The vertical axis on each graph is normalized to the maximum sample for that graph, so you should not attempt to compare values across graphs.

To my mind, this is the most remarkable chart in the entire investigation, because no two graphs look alike. If throughput were consistently stable over across instance and time, each graph would be a single thin bar. Instead, we see collections of horizontal lines (indicating performance that varies from instance to instance, but is steady over time); widely spaced horizontal lines (more variance between instances); wiggly lines (performance oscillating within a stable band); wild swings; gradual upward or downward motion; high-performing outliers; low-performing outliers; bimodal distributions; and more.

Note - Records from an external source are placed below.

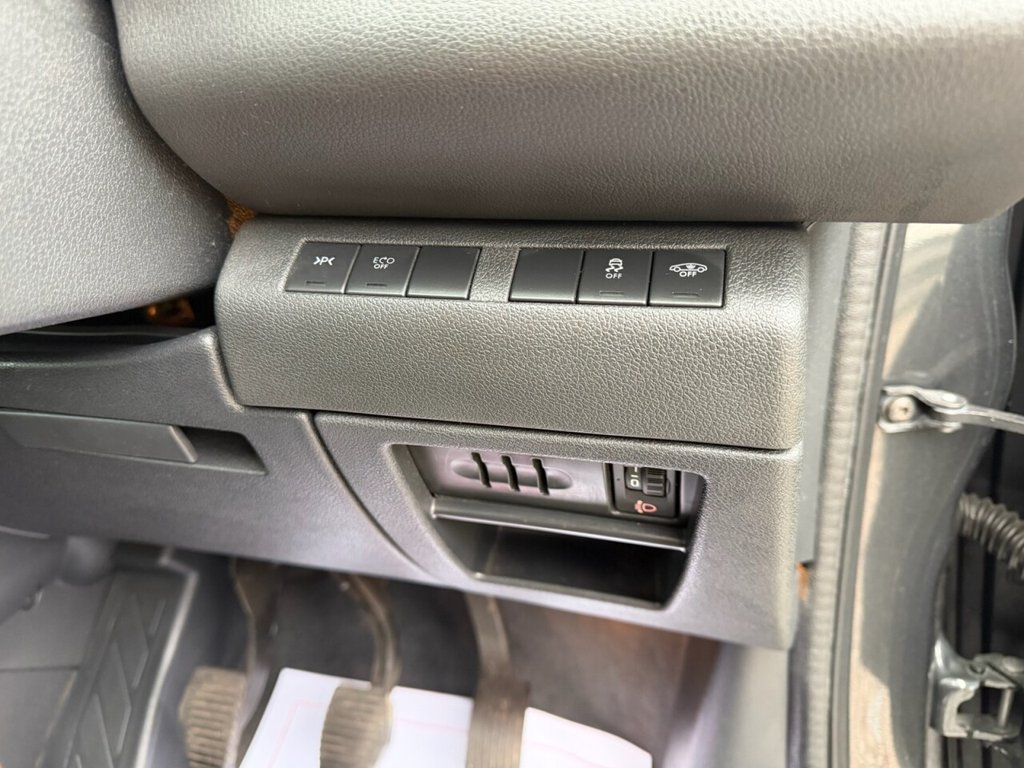 Used Peugeot 3008 2016 for sale - 78016859: Photo 18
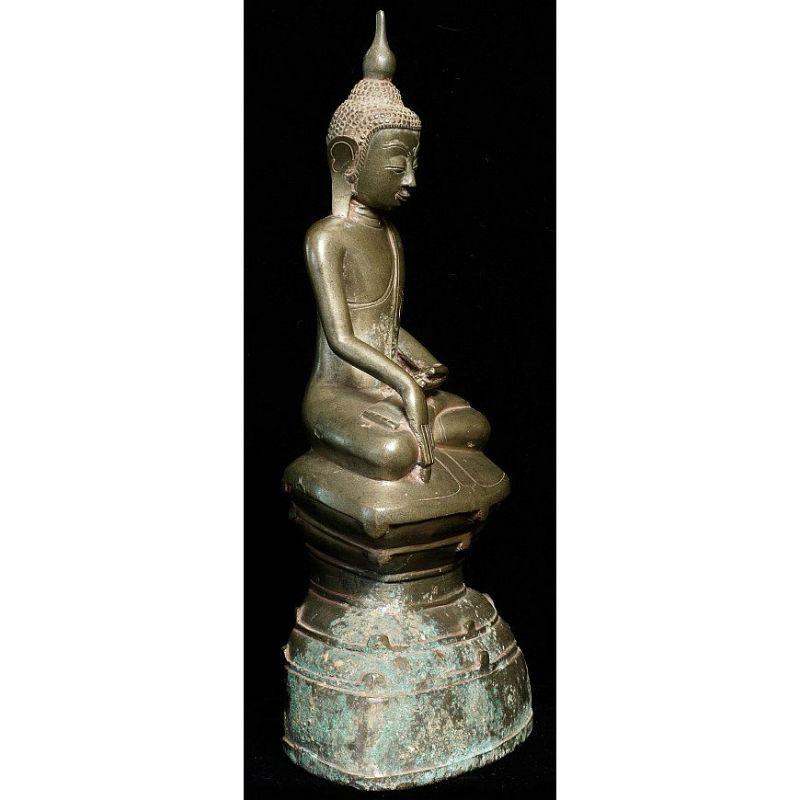 Material: bronze
28,5 cm high 
Weight: 1.773 kgs
Shan (Tai Yai) style
Bhumisparsha mudra
Originating from Burma
18th century
Very high quality !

There do seem to be a few general trends. EBS is noisier than ephemeral (EC2 instance) disk, which is is not surprising — EBS has more moving parts. And on EBS, write performance is more variable than read performance. (Which is not to say that EBS reads are more consistently fast. It’s more that reads are consistently slow, while EBS writes are usually-but-not-reliably faster.)

We see confirmation here that in some cases there are “good” and “bad” instances, but we don’t have enough data to determine whether this is stable over long periods of time — whether good instances remain good, and bad instances remain bad.

Single-threaded latency

This chart shows operation latency. Most of results we’ve examined a thread count that optimizes throughput, but here we use a single thread, minimizing latency. The X axis indicates which instance setup was used (see the legend at the bottom of the chart), and the Y axis shows latency in milliseconds. Values are based on aggregate performance across 30 instances. The left column shows median, mean, and 90th percentile latency; the right column shows 99th and 99.9th percentile. I don’t present results for bulk transfers (read4M and write4M), as these are inherently throughput-oriented.

We can see that small reads (read4K) take roughly 10ms on every machine configuration. This makes sense, as the benchmark is designed to force a disk seek for every read, and seek time is likely to dominate other factors such as network latency. (There is a slight decrease in read latency on larger instances. That’s probably a caching artifact — m1.xlarge instances have enough RAM to cache roughly 20% of our 80GB file.)

The write4K results seem difficult to explain. For instance, why do larger instances show such drastically lower latency? And how can writes possibly be made durable so quickly, especially for EBS where a network hop is involved?

For write4K/64, the median and 90th percentile latencies hug the floor, which make sense as over 98% of these operations are not synchronously flushed and hence don’t wait for disk. The mean and higher percentiles follow roughly the same pattern as write4K.

For a final bit of fun, let’s look at a detailed histogram for one benchmark:

This shows latency for write4K operations on the xlarge/ephemeral configuration. The horizontal axis shows latency (log scale), and the vertical axis shows the number of individual operations with that particular latency. Each spike presumably indicates a distinct scenario — cache hit; cache miss; I/O contention with other tenants of the physical machine; etc. Clearly, several mechanisms are coming into play, but it’s not obvious to me what they all might be.

Methodology

“I/O performance” is a complex topic, involving the filesystem, device drivers, disk controllers, physical disk mechanisms, several levels of caching, buffering, and command queuing, etc. Caching aside, the two most important factors are seek time and bandwidth.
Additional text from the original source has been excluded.